■ **DIRECTIONS**
Write out every line of the material as it stands, apart from the pictures.

■ **DATA BLOCK**
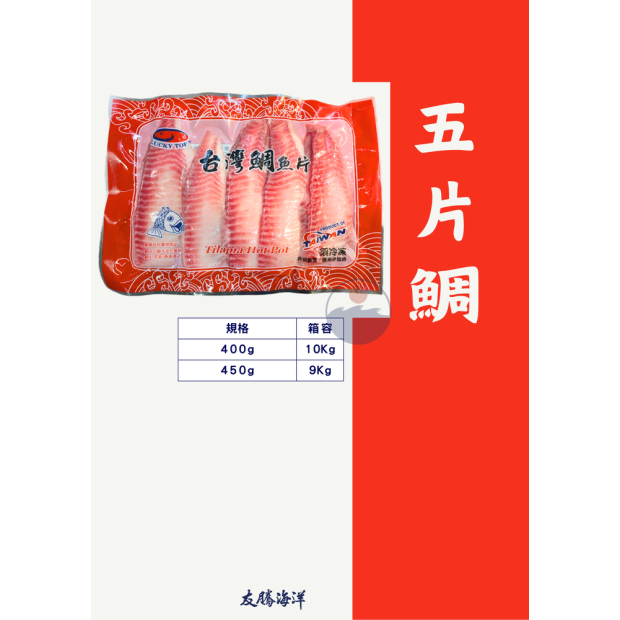 五片鯛魚 友騰海洋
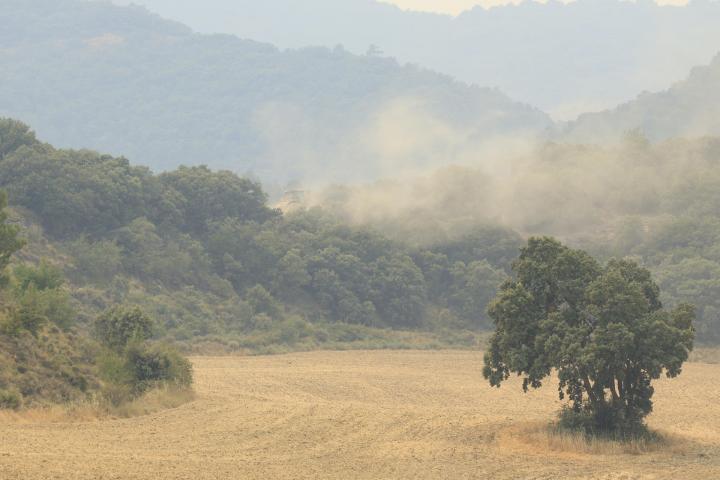 Las llamas se expanden a causa del incendio forestal en Orés (Zaragoza).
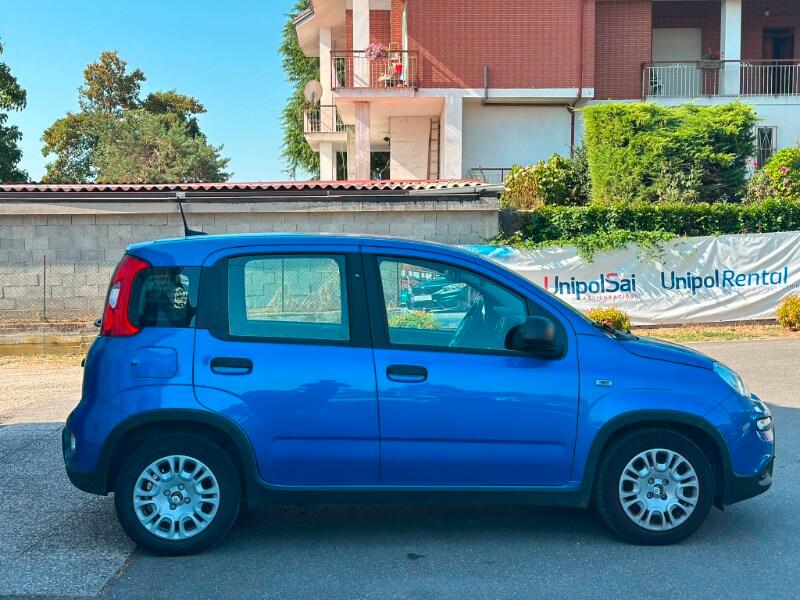 FIAT Panda 3ª serie Panda 1.0 FireFly S&S Hybr...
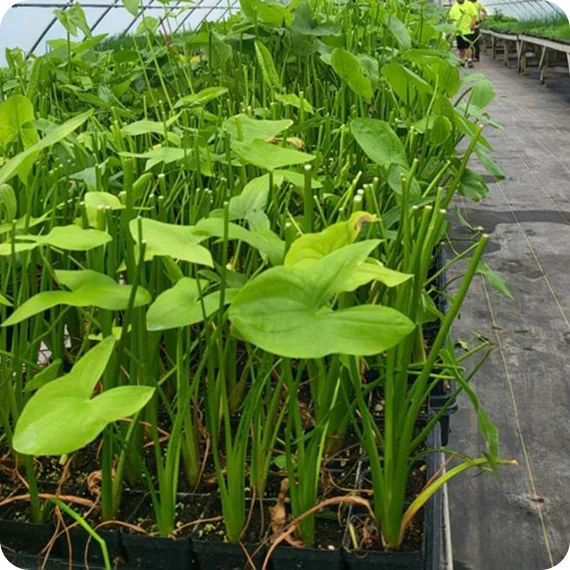 Plant harvesting & Transplanting Services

■ **ANSWER SECTION**
 五片鯛魚 友騰海洋
 Las llamas se expanden a causa del incendio forestal en Orés (Zaragoza).
 FIAT Panda 3ª serie Panda 1.0 FireFly S&S Hybr...
 Plant harvesting & Transplanting Services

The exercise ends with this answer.